The most interesting bit of code in Listing 4 is the APPLICANTS_CSR cursor, which is defined in a similar way as the query shown in Listing 3. Using static SQL improves performance by preparing the query at precompile time. In addition, the use of host variables reduces the risk of problems due to malevolent user-provided search phrases.
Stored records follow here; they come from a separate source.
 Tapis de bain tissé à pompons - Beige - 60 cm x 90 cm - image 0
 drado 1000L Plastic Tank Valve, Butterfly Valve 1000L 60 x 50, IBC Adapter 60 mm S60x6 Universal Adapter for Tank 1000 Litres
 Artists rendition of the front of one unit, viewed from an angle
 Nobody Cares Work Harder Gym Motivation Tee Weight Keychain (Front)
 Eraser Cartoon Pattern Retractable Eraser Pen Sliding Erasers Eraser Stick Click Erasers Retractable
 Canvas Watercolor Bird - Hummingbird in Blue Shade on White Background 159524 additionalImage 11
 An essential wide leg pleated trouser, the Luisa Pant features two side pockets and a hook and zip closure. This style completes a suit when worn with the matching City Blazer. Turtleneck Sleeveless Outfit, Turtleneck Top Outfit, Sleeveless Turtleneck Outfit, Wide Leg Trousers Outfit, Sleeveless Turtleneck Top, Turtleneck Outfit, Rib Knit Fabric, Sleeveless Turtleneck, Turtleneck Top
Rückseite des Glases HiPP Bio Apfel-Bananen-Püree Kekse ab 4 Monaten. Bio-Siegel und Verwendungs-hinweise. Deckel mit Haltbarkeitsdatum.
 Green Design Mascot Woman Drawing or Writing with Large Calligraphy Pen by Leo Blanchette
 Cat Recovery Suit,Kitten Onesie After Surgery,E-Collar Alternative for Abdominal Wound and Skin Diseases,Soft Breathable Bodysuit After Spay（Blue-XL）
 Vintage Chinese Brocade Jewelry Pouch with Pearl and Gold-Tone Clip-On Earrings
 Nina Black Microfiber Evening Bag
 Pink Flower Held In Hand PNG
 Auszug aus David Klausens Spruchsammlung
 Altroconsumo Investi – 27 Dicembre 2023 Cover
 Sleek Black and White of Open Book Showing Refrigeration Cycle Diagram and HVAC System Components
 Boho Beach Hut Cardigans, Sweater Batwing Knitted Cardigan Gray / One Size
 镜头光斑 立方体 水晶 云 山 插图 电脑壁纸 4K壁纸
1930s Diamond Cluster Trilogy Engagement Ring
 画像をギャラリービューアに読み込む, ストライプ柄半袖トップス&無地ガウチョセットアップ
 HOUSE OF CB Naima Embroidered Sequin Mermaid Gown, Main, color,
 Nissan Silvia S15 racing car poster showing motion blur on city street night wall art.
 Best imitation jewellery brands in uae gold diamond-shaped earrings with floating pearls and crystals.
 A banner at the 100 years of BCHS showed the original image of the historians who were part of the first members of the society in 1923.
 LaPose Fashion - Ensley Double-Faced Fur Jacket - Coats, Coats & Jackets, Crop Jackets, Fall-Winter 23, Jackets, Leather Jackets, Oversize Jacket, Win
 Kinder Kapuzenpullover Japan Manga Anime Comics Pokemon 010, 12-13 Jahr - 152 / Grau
Unlike the query in Figure 3, the score value is used only for ordering and does not appear in the result set; this is because the exact score value is not meaningful to the user of the service.
*****************************************************************
*Implementation of a Function to do a search
*****************************************************************
P doSearch B
D PI 16000A varying
D SqlJobCode 5A const
D SqlSearchStr 255A varying const
D ApplicantNM S 200A varying
D URLForResume S 4096A varying
D resultStr S 16000A varying
* CRLF is a newline character
D CRLF C x'0d25'
/free
// These DECLARE statements tell SQL what the ccsid of the
// input or output character variables will be.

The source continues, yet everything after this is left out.